AI Agents can serve as intermediaries, bridging communication gaps between human teams or systems.

• Centralized Decision-Making: AI consolidates data from disparate tools and teams to provide a unified perspective.Example: An A I Agent compiles insights from threat intelligence platforms, endpoint detection systems, and SOC logs to present a prioritized action plan for the incident response team.

• Contextual Insights for Human Decisions: AI delivers tailored insights based on the role and expertise of the human team member Example: Forensic analysts receive deep-dive technical data, while executives get high-level summaries with recommended actions.

Considerations for AI Integration in your team, Are you ready?

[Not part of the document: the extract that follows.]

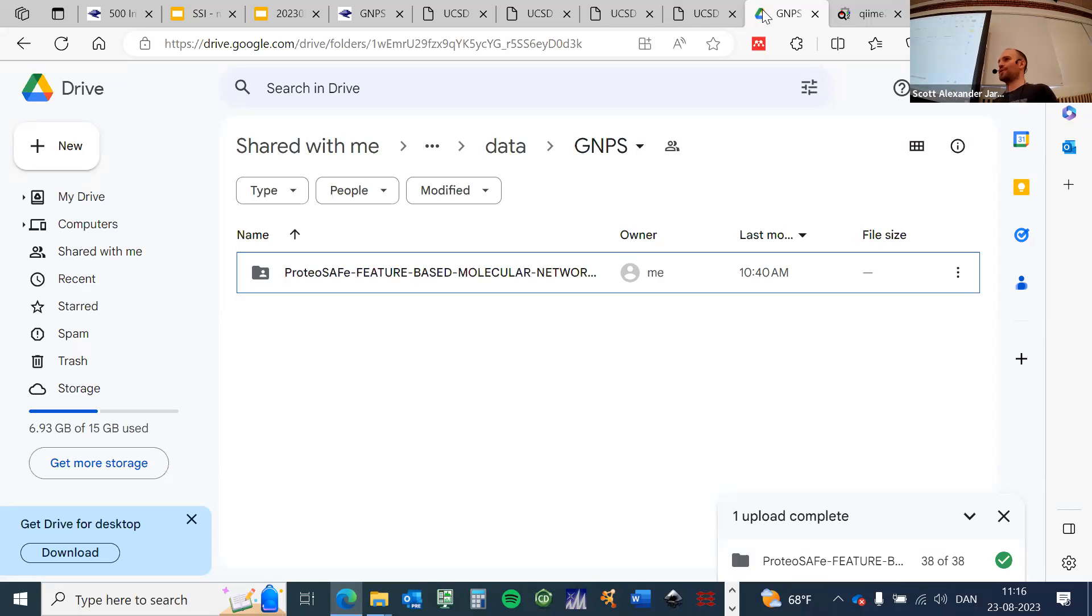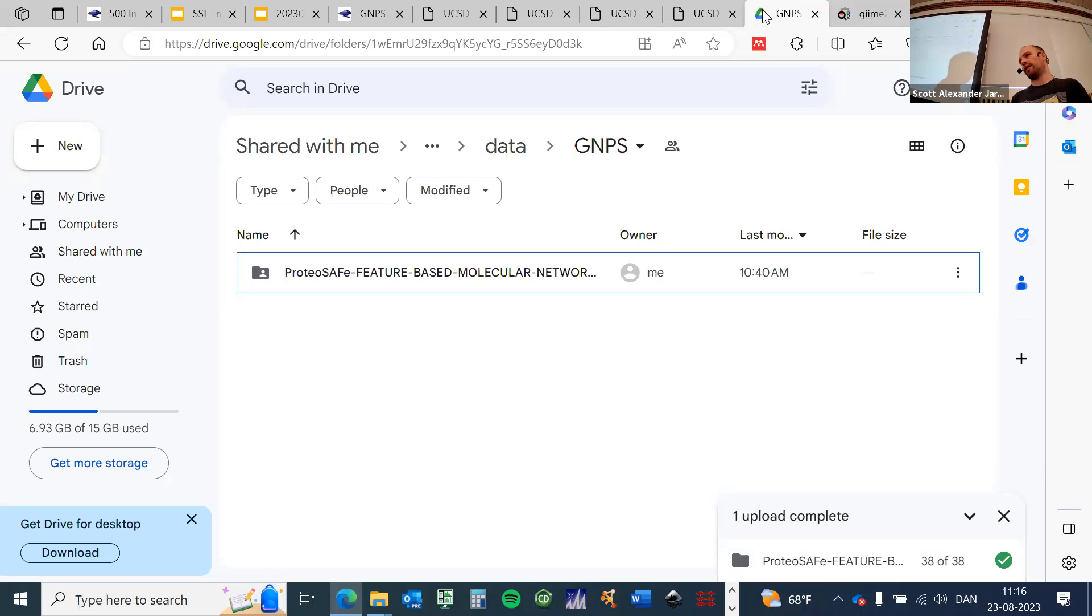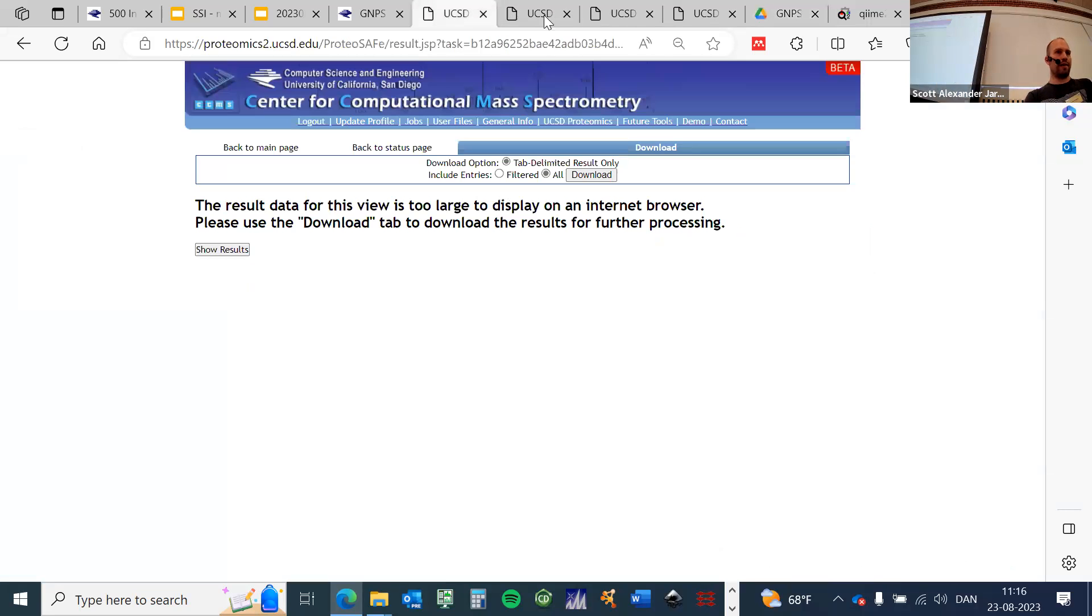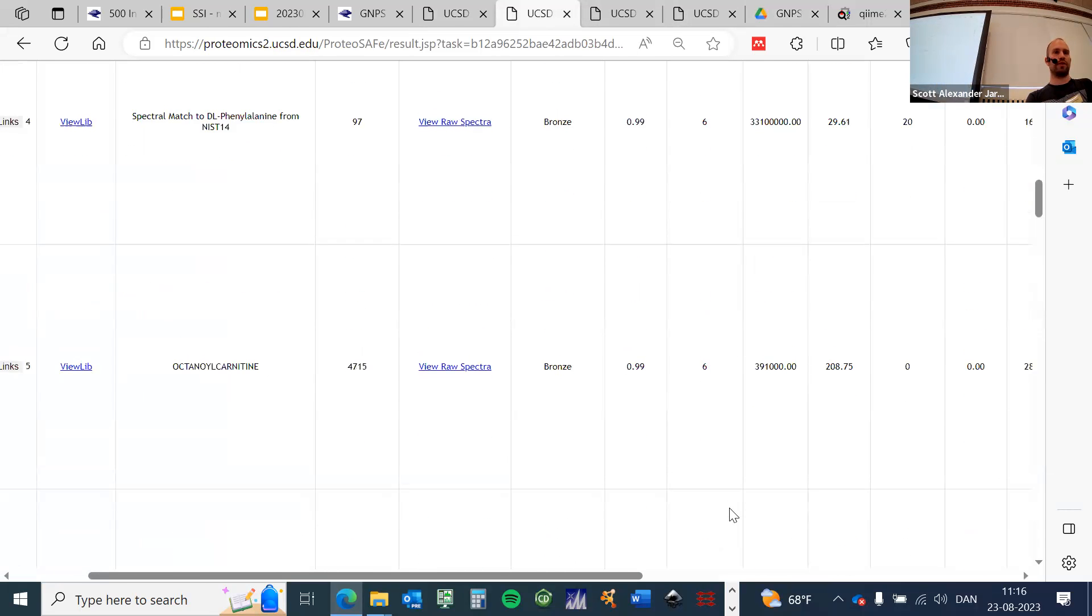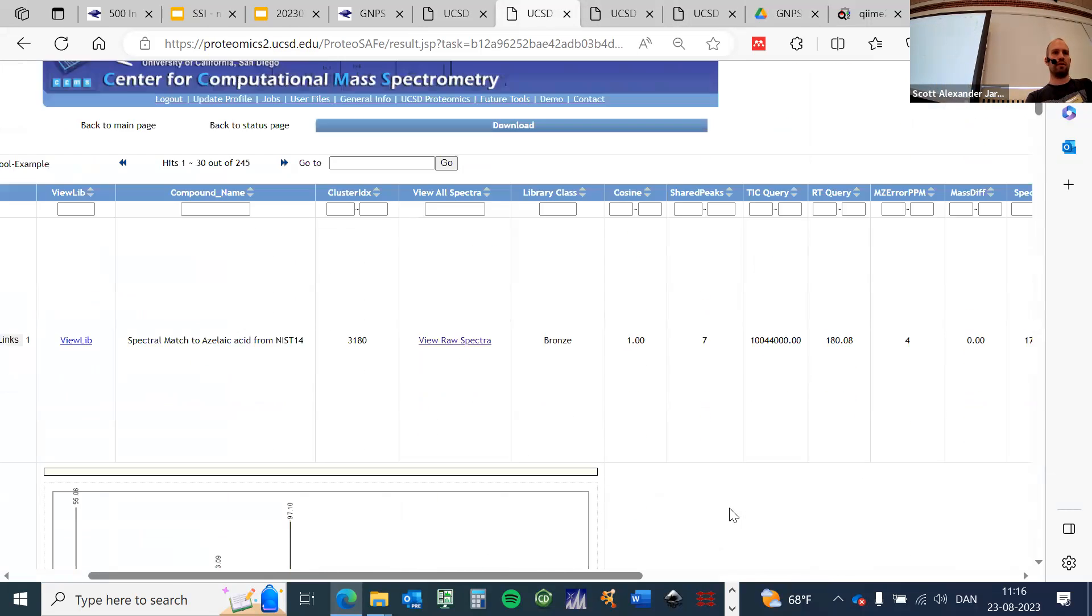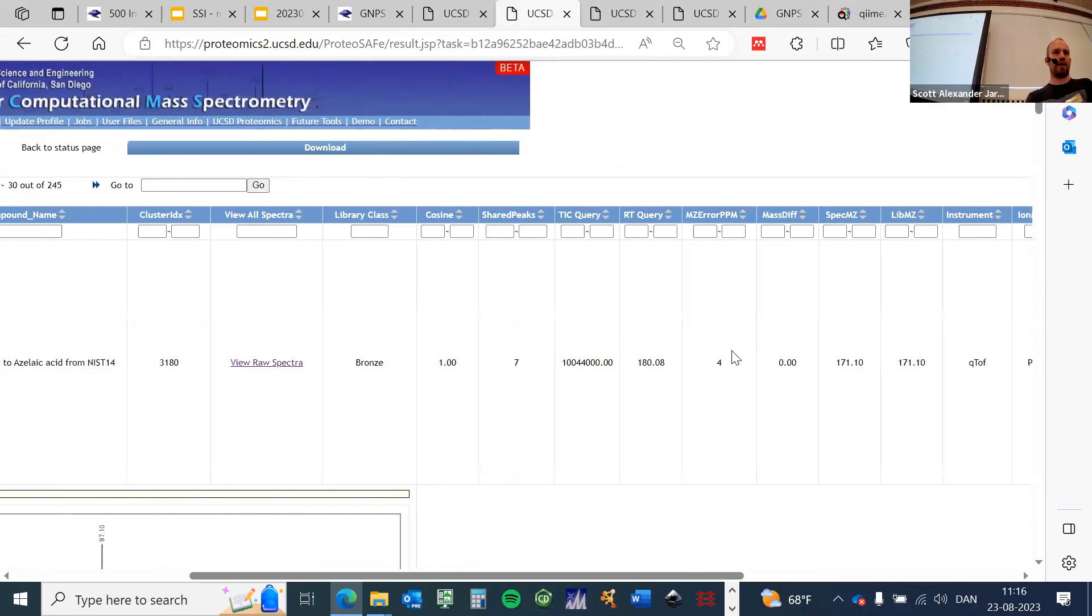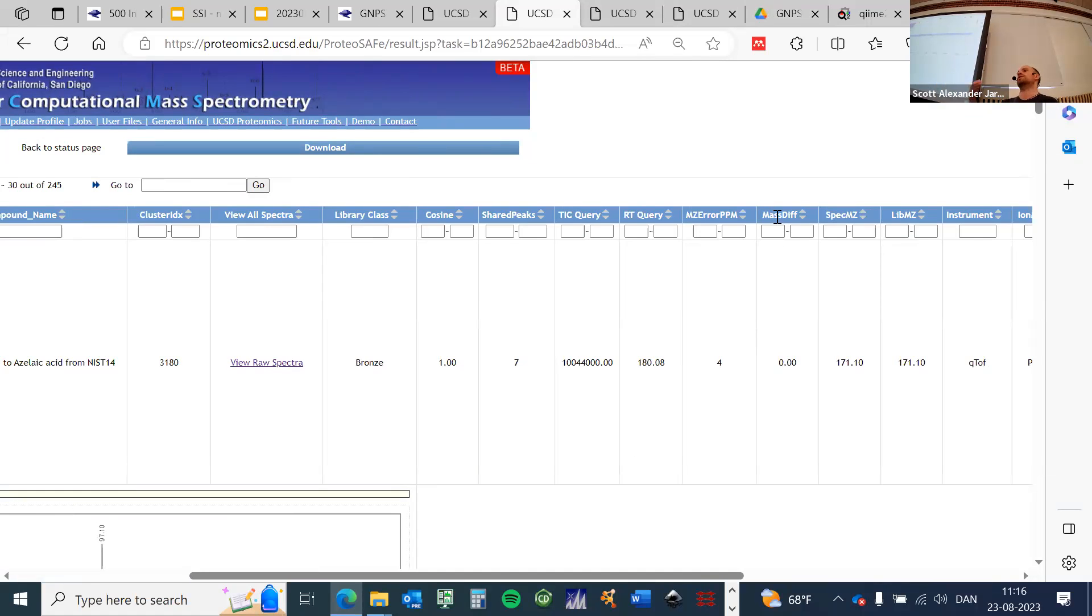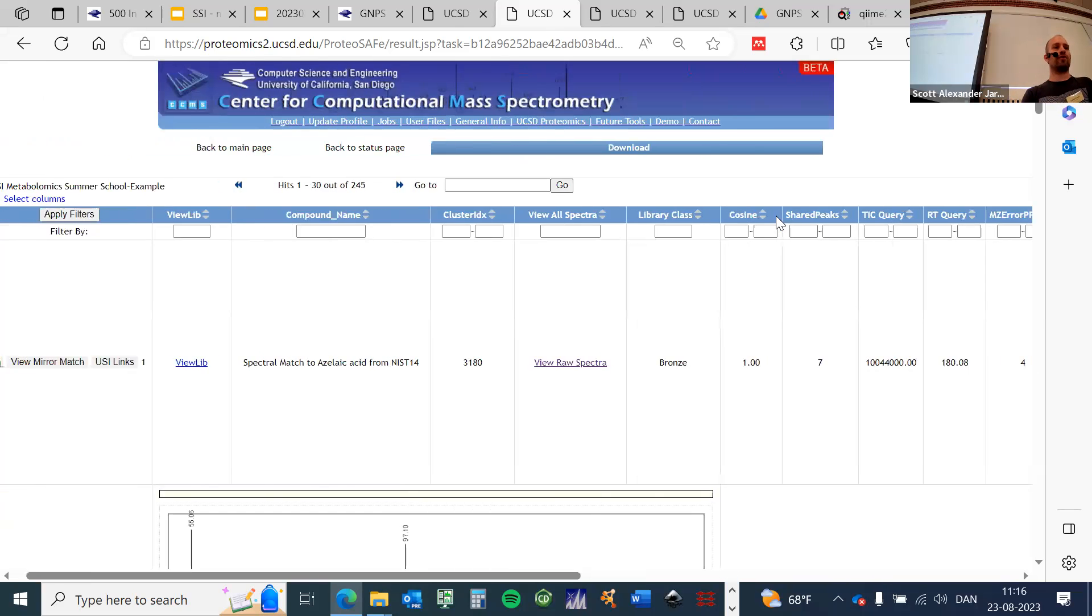Very good question. The question was whether we will only get library hits or also similar compounds that were annotated. If we select analog search, then you will also get the analog matches. Then there will be another very important piece of information: this is the absolute delta mass, which then obviously will contain matches that have a higher mass difference. Here there is this mass difference, and then if you would get an analog match, you would have to have a larger mass difference here. So this is akin to open modification search and so on.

In this exciting journey we are experiencing, companies will have to consider multiple challenges to ensure that they are prepared and adapt to these changes. Here are a summary of the main considerations when adopting AI Agents:

Skills Evolution: The introduction of AI agents needs a shift in skill sets and roles within cybersecurity teams.

  • Security teams will need to develop AI literacy, team members should receive training on how to interpret AI outputs, customize AI models, and intervene when necessary.
  • Focus on higher-level decision making and AI supervision.
  • New roles emerging for AI-security specialists.

I have noticed recently that many teams are not even experiencing with AI solutions, and are thinking on traditional approaches for next year plans, still many people is sceptics of AI capabilities and dismisses these solutions in favour of traditional approaches.

When it comes to AI literacy, I recommend Deeplearning.ai courses, particularly the short courses https://www.deeplearning.ai/courses/ where you can learn many of the concepts, and frameworks in a short period of time.

Organizational Impact: AI integration can fundamentally alter how organizations structure and operate their cybersecurity functions.

  • Potential for improved security engineer to developer ratios through AI augmentation. A SOC with 10 engineers managing 1,000 incidents monthly could handle the same workload with 5 engineers supported by AI triage systems.
  • New team interaction patterns with AI mediating communications: An AI-driven SOC might automatically prioritize incidents and allocate them to specialized teams, reducing bottlenecks in triage and response workflows.
  • New security governance models incorporating AI oversight

As cybersecurity teams embrace AI agents, the focus must remain on collaboration, transparency, and ethical implementation. The journey toward an AI-augmented Cybersecurity team future is both exciting and charged with challenges—are you ready to adapt?